The input
== Segment start ==

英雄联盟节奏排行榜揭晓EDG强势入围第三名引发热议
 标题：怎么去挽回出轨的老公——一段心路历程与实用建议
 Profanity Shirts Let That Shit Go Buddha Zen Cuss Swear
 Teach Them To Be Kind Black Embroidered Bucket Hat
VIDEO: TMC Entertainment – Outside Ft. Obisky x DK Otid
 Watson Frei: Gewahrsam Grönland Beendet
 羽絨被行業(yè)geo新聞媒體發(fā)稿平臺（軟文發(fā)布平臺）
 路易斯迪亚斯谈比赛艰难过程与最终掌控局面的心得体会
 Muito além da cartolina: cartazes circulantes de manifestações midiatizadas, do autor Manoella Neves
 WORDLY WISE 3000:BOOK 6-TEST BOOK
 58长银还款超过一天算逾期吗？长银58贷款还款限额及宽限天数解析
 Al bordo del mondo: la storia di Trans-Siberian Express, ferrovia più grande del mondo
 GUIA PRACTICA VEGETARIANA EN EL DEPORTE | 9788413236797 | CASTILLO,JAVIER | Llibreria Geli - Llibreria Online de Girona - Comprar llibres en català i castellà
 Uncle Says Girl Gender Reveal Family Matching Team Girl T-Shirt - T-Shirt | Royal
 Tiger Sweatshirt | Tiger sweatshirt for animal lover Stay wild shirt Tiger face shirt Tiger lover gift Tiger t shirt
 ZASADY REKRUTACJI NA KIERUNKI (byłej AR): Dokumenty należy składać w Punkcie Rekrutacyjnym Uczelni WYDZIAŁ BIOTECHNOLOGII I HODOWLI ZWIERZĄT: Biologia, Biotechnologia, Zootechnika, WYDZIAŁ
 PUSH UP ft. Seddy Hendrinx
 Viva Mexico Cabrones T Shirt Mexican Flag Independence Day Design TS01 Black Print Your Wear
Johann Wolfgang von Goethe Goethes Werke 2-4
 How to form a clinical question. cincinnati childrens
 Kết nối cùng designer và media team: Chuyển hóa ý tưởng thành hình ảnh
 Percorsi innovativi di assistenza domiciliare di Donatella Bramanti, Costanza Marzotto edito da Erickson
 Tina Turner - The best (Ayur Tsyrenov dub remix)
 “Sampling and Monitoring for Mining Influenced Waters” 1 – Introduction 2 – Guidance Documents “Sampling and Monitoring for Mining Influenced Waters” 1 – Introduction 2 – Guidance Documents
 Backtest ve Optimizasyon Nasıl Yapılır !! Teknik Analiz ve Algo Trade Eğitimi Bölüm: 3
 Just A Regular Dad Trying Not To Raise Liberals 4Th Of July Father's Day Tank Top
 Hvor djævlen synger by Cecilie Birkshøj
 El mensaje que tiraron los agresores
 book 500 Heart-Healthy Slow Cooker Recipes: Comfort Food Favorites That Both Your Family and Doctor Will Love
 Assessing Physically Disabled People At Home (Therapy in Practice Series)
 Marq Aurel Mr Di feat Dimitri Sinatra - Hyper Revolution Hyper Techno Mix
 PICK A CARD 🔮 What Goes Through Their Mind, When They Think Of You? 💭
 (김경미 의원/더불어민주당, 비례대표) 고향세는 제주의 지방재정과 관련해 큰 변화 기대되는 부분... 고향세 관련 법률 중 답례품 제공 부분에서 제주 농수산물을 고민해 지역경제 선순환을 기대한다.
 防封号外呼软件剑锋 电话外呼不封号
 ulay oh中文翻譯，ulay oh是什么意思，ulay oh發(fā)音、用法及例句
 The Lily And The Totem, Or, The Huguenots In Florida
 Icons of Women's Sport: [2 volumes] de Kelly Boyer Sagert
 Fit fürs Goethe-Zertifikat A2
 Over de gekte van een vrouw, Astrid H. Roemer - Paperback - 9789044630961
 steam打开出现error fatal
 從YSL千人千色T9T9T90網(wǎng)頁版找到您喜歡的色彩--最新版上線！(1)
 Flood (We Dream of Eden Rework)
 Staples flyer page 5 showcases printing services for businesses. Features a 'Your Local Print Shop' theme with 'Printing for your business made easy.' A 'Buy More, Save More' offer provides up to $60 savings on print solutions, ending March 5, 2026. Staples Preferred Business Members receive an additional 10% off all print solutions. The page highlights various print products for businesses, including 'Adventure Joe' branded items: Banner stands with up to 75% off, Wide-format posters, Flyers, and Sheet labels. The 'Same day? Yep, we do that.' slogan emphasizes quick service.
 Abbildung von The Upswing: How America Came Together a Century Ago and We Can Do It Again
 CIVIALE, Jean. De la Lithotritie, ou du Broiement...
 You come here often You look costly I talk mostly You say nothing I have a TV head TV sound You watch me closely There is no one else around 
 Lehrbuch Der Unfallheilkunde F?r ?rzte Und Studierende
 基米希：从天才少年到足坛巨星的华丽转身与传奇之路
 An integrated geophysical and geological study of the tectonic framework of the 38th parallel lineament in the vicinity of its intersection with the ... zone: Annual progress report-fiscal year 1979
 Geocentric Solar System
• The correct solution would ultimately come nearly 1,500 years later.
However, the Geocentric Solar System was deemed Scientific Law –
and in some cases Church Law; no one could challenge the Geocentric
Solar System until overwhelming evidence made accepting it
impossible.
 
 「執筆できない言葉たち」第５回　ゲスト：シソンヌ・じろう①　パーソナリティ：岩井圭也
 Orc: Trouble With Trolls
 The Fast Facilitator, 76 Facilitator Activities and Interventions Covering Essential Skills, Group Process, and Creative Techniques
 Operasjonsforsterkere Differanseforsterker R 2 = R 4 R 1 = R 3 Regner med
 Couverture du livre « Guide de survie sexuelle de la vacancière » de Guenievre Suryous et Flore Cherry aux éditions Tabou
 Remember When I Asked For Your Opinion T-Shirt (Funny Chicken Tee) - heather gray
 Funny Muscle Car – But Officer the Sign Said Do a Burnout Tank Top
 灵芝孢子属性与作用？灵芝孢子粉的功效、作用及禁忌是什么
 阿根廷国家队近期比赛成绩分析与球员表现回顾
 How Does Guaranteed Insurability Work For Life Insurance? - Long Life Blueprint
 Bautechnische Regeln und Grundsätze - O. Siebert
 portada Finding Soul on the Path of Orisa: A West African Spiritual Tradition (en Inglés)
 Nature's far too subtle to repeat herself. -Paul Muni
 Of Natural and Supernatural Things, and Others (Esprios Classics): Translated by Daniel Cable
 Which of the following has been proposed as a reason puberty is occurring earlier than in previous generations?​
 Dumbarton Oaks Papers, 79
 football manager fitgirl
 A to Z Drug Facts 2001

== Segment end ==

Requirement
Out of the data above, give again only the lines starting at the one holding "PICK A CARD" and ending at the one holding "Flood (We Dream of Eden Rework)", unchanged.

Written answer
 PICK A CARD 🔮 What Goes Through Their Mind, When They Think Of You? 💭
 (김경미 의원/더불어민주당, 비례대표) 고향세는 제주의 지방재정과 관련해 큰 변화 기대되는 부분... 고향세 관련 법률 중 답례품 제공 부분에서 제주 농수산물을 고민해 지역경제 선순환을 기대한다.
 防封号外呼软件剑锋 电话外呼不封号
 ulay oh中文翻譯，ulay oh是什么意思，ulay oh發(fā)音、用法及例句
 The Lily And The Totem, Or, The Huguenots In Florida
 Icons of Women's Sport: [2 volumes] de Kelly Boyer Sagert
 Fit fürs Goethe-Zertifikat A2
 Over de gekte van een vrouw, Astrid H. Roemer - Paperback - 9789044630961
 steam打开出现error fatal
 從YSL千人千色T9T9T90網(wǎng)頁版找到您喜歡的色彩--最新版上線！(1)
 Flood (We Dream of Eden Rework)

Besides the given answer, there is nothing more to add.